Feature

The story behind Jack O’ Lanterns

By Remy Cush

   Fall is here when the evenings get darker a little earlier, and grocery stores start filling up with Halloween candies and an array of pumpkins. They first appear in the vegetable and produce aisles, then they appear outside of stores with displays of yellow, purple, and burgundy mums for decoration. Some may wonder if it’s worth it to spend more than an hour scooping out pumpkin guts, and completely scoring a pumpkin to slightly resemble the desired design. 

The popular activity of making “Jack O’Lanterns” originated in an Irish myth, “Stingy Jack.”

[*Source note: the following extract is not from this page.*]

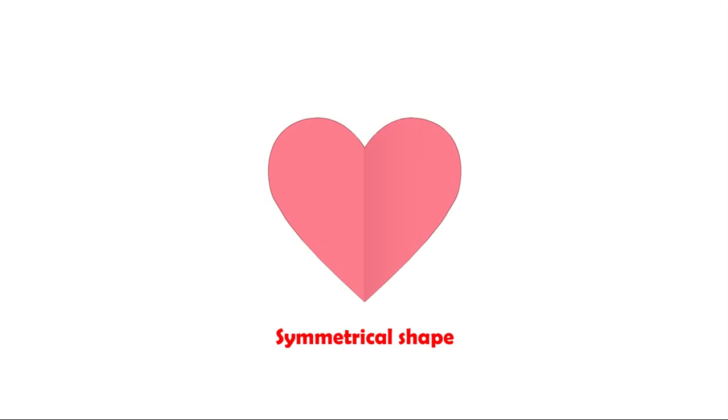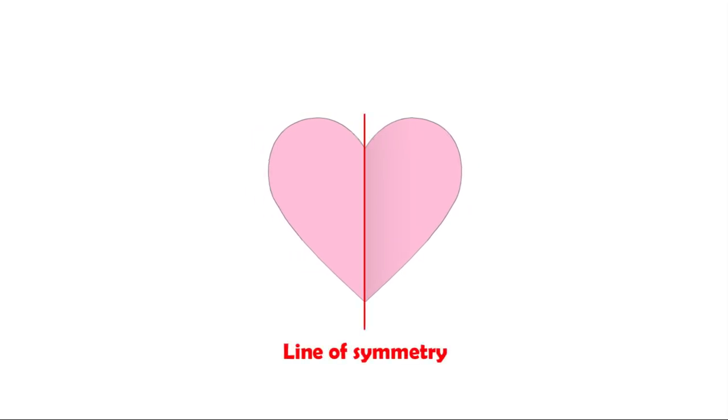We call a shape symmetrical if it can be divided into two identical halves. And we call the line that divides a figure into two matching parts the line of symmetry.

   According to history.com, Stingy Jack had two encounters with the Devil, both ending with him catching him, and Jack asking him not to bother him, and to not claim his soul when he died. Jack was enough of an unpleasant, distasteful person that God wouldn’t allow him into Heaven after he died. Because of the agreements made between Jack and the Devil, he wouldn’t have perished in hell. As an alternate solution, the Devil sent him into the “dark night with only a burning coal to light his way.” Jack placed the coal into a hollowed-out turnip, beginning the Halloween custom of pumpkin carving. The story of “Stingy Jack” evolved over the years, and the Irish and Scottish began creating their own Jack O’Lanterns with potatoes or turnips, to ward away the evil spirit of Jack along with other mythical creatures of the night.

   This carving of root vegetables was brought to America by European immigrants, and quickly became popularized with the use of pumpkins, which grow on a vine like cucumbers, zucchini, and melons. This old Celtic tradition became a reliable Halloween staple in the United States, and continues to be a treasured practice to end the month of October.